## Prompt
Only the text belongs in the copy. Transcribe the data exactly and drop any pictures.

## Supplied material
- - - -

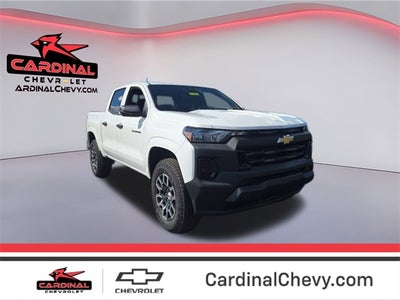 2024 Chevrolet Colorado Work Truck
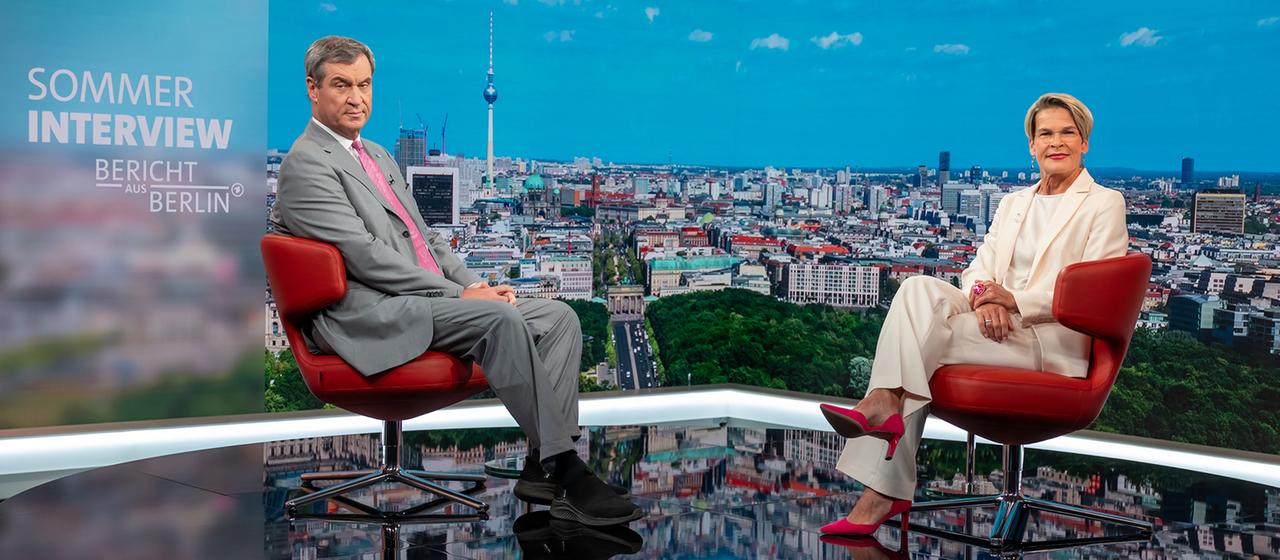 Faktencheck: Söders Aussagen im ARD-Sommerinterview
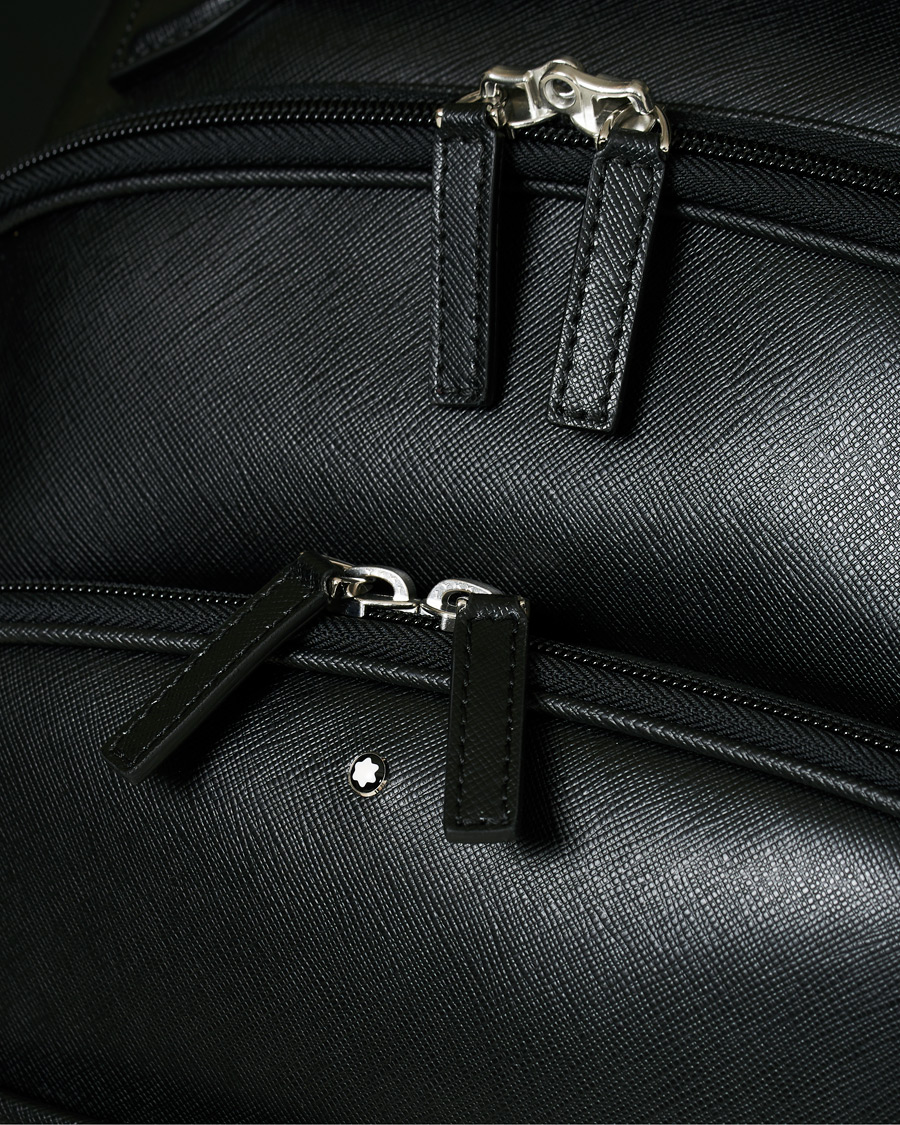 Herre | Montblanc Sartorial Backpack Large Black | Montblanc | Sartorial Backpack Large Black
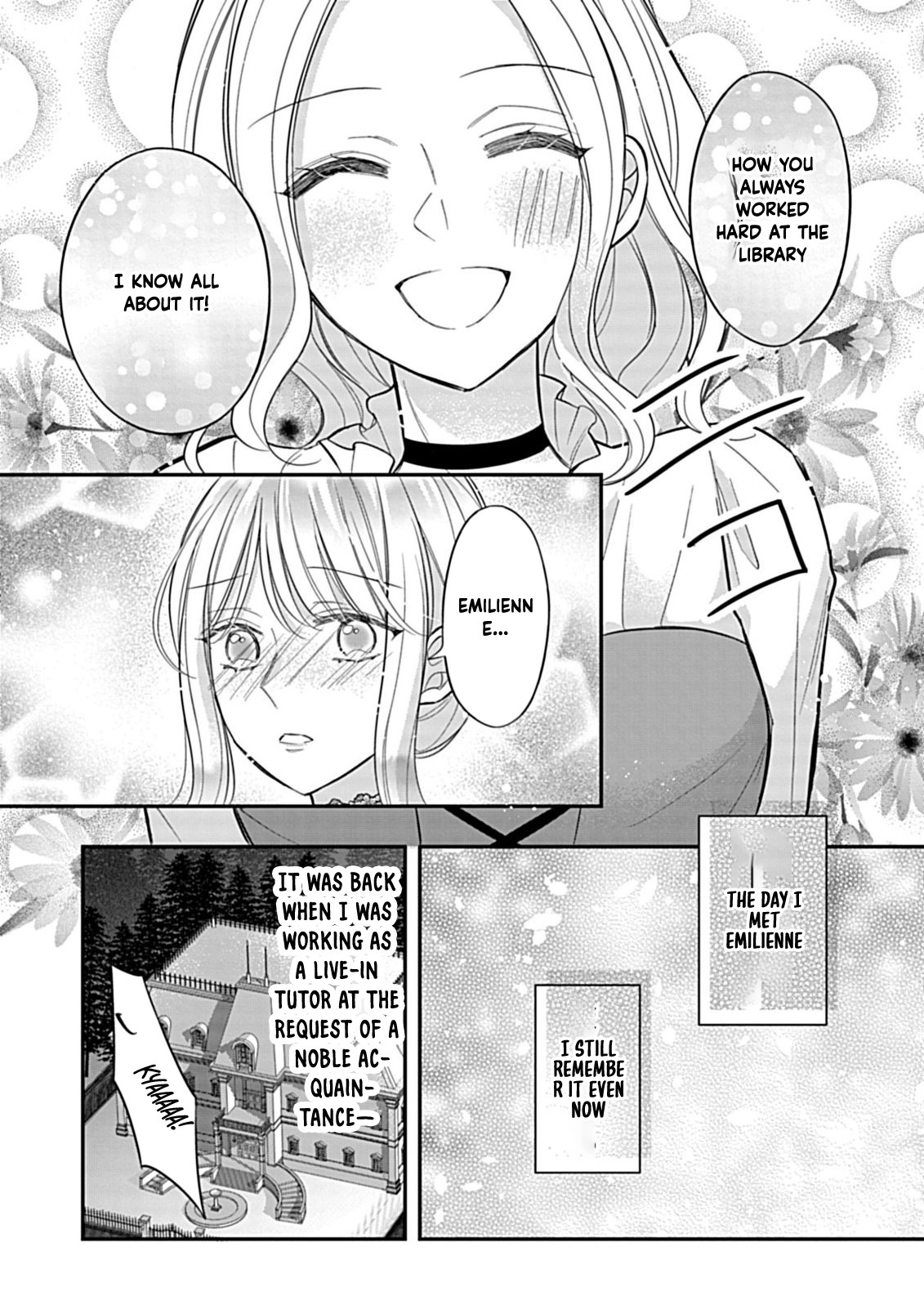 I Can’t Escape the Overly Pushy Prince, but I’m Happy. Chapter 2 Page 9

- - - -

## Solution to this exercise
 2024 Chevrolet Colorado Work Truck
 Faktencheck: Söders Aussagen im ARD-Sommerinterview
 Herre | Montblanc Sartorial Backpack Large Black | Montblanc | Sartorial Backpack Large Black
 I Can’t Escape the Overly Pushy Prince, but I’m Happy. Chapter 2 Page 9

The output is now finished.